Irving Langmuir--Creator of the Super-Tube |
ALTHOUGH best known to the electrical industry as the inventor of the gas filled tungsten lamp, Dr. Irving Langmuir would, no doubt, call this achievement merely his first step in the development of the mighty 20-kilowatt vacuum tube--called the radiotron--a small cylinder of glass and metal, possessing power enough to transmit radio messages thousands of miles. Ten of these tubes--easily carried in one hand--are expected to replace huge generators weighing many tons.
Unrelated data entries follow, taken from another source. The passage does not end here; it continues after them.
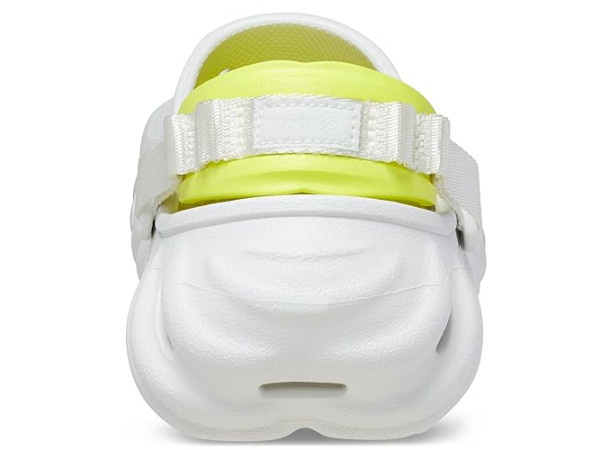 Crocs Echo Clog Crocs Echo Clog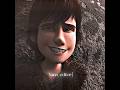 ❤️🥰 #adobeaftereffects #httyd #toothless #edit #howtotrainyourdragon #dragon #dreamworks
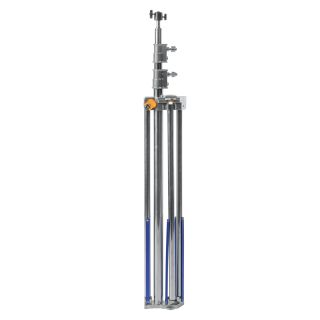 Стойка Falcon Eyes FlatStand 2600CS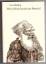 Lev Nikolaevič Tolstoj: Wieviel Erde bra Lev Nikolaevič Tolstoj: Wieviel Erde bra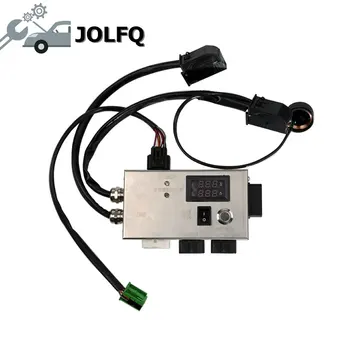 

2018 Promotion For BMW FEM BDC Module Plataform Tester standard version for F20 F30 F35 X5 X6 I3 Bmw car fem bdc platform tester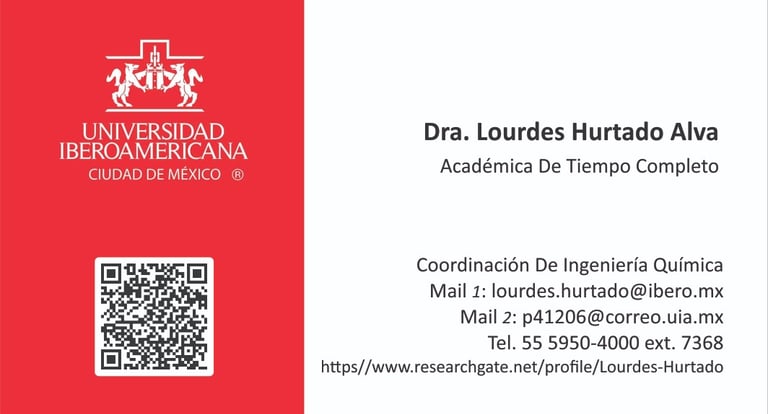 Diseño e impresión de tarjetas de presentación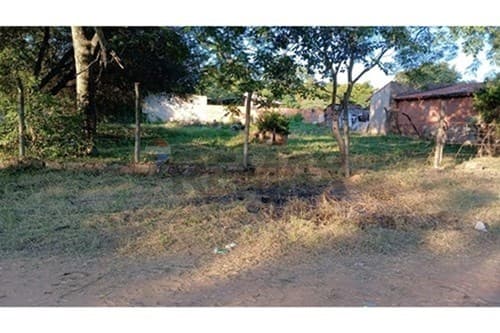 Terreno en limpio isla aveiro-san rafael, foto 4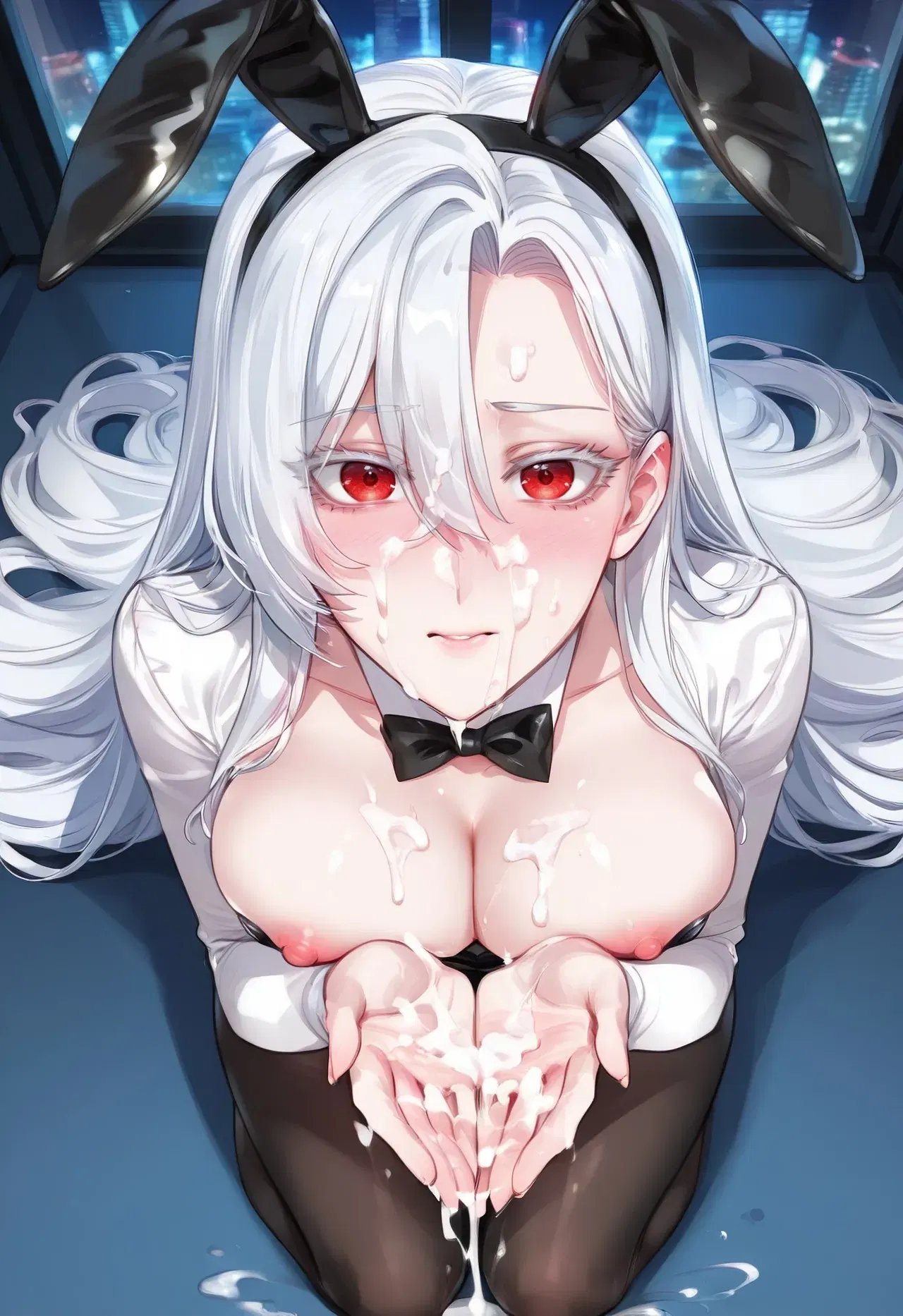 Image #120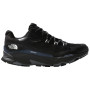Pánske turistické topánky The North Face Vectiv Taraval Futurelight čierna TNF BLACK/TNF WHITE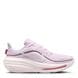 Lilac/Sail
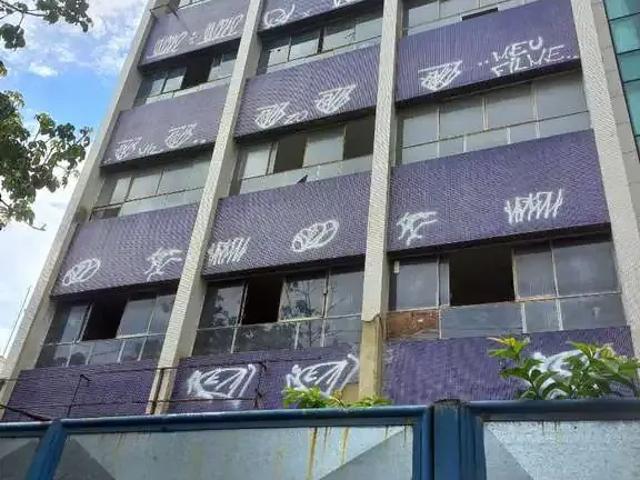 Condominio venda em Região Geográfica Imediata do Rio de Janeiro, Região Metropolitana do Rio de Janeiro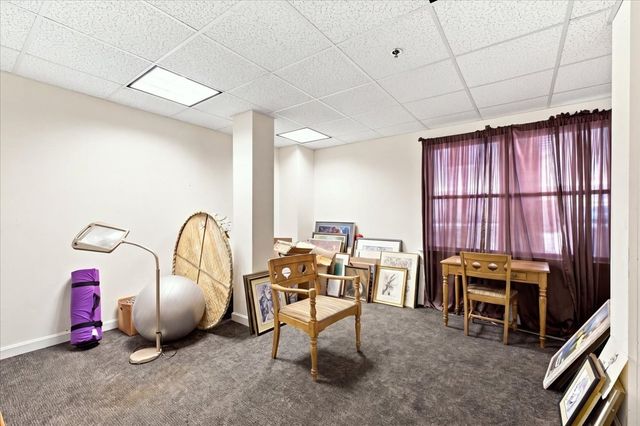 989 East St 303, Dedham, MA 02026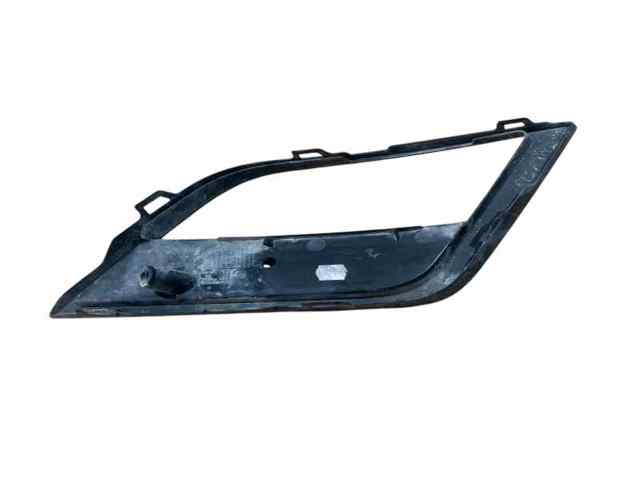 5F0853665A VAG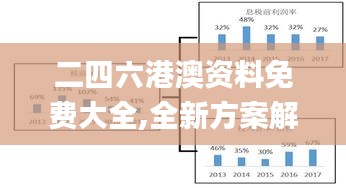 云烟 第41页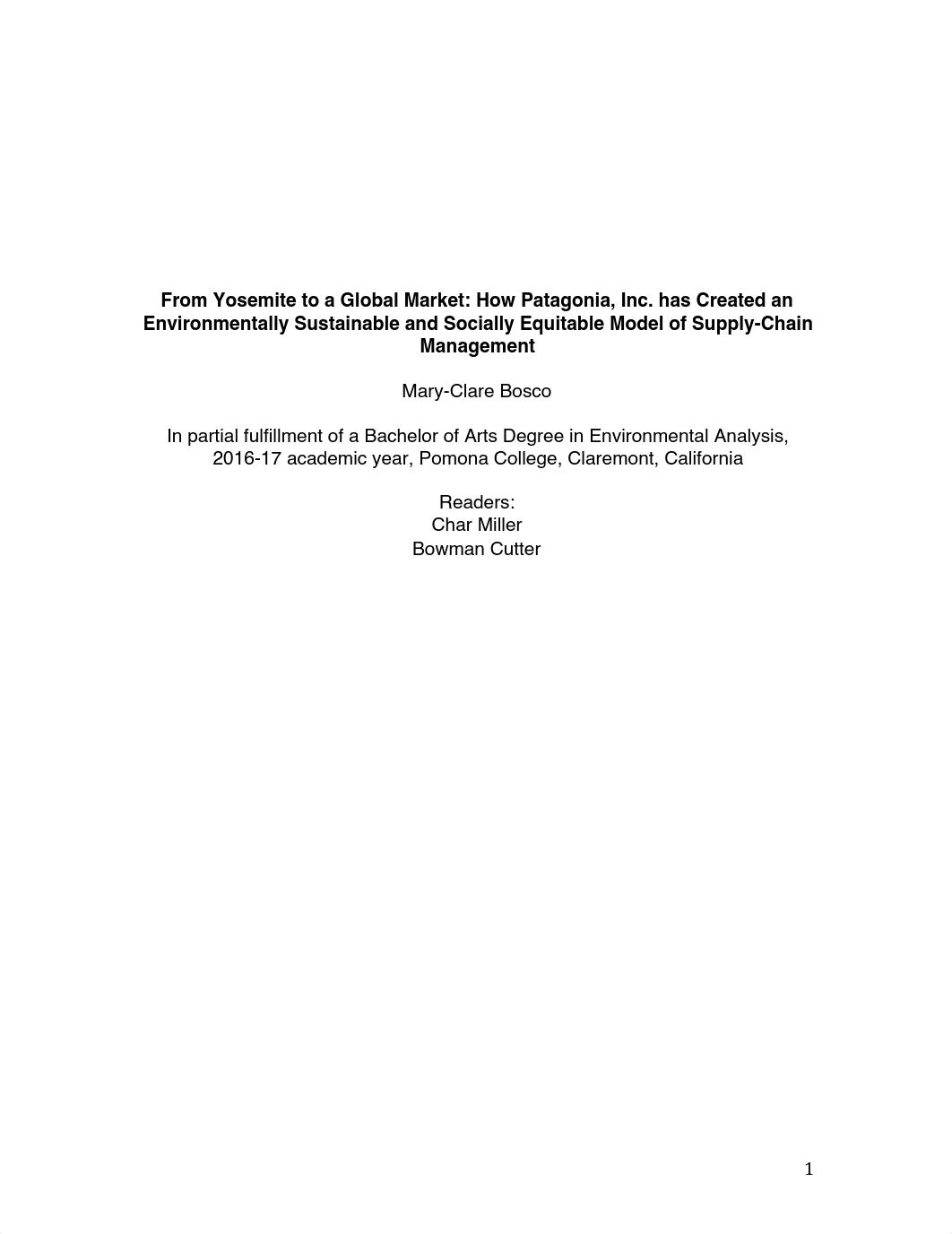 From Yosemite to a Global Market_ How Patagonia Inc. has Created.pdf_dovx2yktq8m_page2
Doctor Langmuir was born in Brooklyn, N. Y., and after graduation from Columbia University as a metallurgical engineer spent three years in Germany at the University of Göttingen, where he was fortunate to study under Professor Nernst, inventor of the Nernst lamp. On returning to America in 1906, Doctor Langmuir became instructor in chemistry at Stevens Institute of Technology, and in 1909 entered the Research Laboratory of the General Electric Company at Schenectady, N. Y., where all of his valuable researches have since been carried on.
Those who know him say that the spectacular successes of Doctor Langmuir are due primarily to his ever-present inquisitiveness. He has never been known to take a fact for granted. It was this quality that urged him on to the perfection of the super-radiotron after certain strange actions in the gas filled lamp had piqued his scientific curiosity.
The 20-kilowatt tube--his latest contribution to radio science and designated by Marconi "the greatest development of the age"--contains a grid, a filament, and a plate. The filament is large and rugged and the plate, supplied with a direct current of 20,000 volts, is a metallic cylinder 8 inches long and 1½ inches in diameter, sealed directly into the glass of the tube.